To seek the saccharine in Mohamedi’s work seems a misplaced endeavour because it was clarity that she was drawn to. She often took photographs of the play of light and shade over concrete, and would later reinterpret those same relationships in further-stripped images of ink, graphite, and white space.
Perhaps the unassuming curiosity with which my younger self had approached her work is an appropriate lens even now. The poet Frank Bidart writes in the poem Borges and I, ‘Everything in art is a formal question, so he tried to do it in prose with much blank white space.’ Looking at the skeleton of light and dark, blade and curve in Mohamedi’s works, we might find for ourselves a personal drama—as profuse as prose, as naked as line and blank space.
Suspended in the centre of a blank sheet are three triangles—islands hovering over each other. Each one grows out and fades away from the other without betraying their calculated arrangement. Around them, endless, endless white. Despite their differing shades, the islands are, ultimately, one being, casting a collective shadow beneath them. When we imagine an island, we assume a place between serenity and despair. But for Mohamedi, the physical manifestation of that island is something more matter-of-fact—it is nothing but its own form. A body in space—nothing more and more than enough.
Isolation in Mohamedi’s work takes on a dimension different from Mehta’s. It isn’t a window into the outside world and its horrors. Instead, it offers the possibility of blurring one’s eyes and looking at the world in its simplest terms. Size. Shape. Shadow. Weight. The certitudes each of us hold.
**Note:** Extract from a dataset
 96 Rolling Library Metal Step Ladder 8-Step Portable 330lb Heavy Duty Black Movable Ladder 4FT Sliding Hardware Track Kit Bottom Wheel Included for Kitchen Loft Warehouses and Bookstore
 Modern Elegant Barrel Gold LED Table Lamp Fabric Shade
In her diary, Mohamedi wrote:
‘Dry space — sand
Bare shrubs forcing existence
No support
At times complete isolation
An individual
Reduced to its own shadow’
She wrote those lines about the desert in Rajasthan. The desert fascinated her , almost as if it were a microcosm of all existence. In many works, lines blow over each other, deceiving as the dunes. Mohamedi’s works, when I look at them carefully, do not speak of aloneness so much as an island, but more as an infinite tract of desert. It is a sandy landscape that leads nowhere and so, Mohamedi leads it back into the person observing it. In the starry nights of deserts, it is not distance that we find, but purpose. Mohamedi wrote:
‘If it is astronomy, the phases of the sphere and its influence upon the earth, whether it is light or heavy portending, tranquility or danger, all these things are connected with your situation and serve your ends…If the star is lucky or unlucky, it is connected with your own ascendent…When you consider the matter well, the root of the whole business is yourself.’
Maybe then, Mohamedi’s drawings suggest that we are fated to be isolate. That no matter how big and abundant the world might seem, it is no more than our own breath and bone. It is but one sun that makes both shadow and light.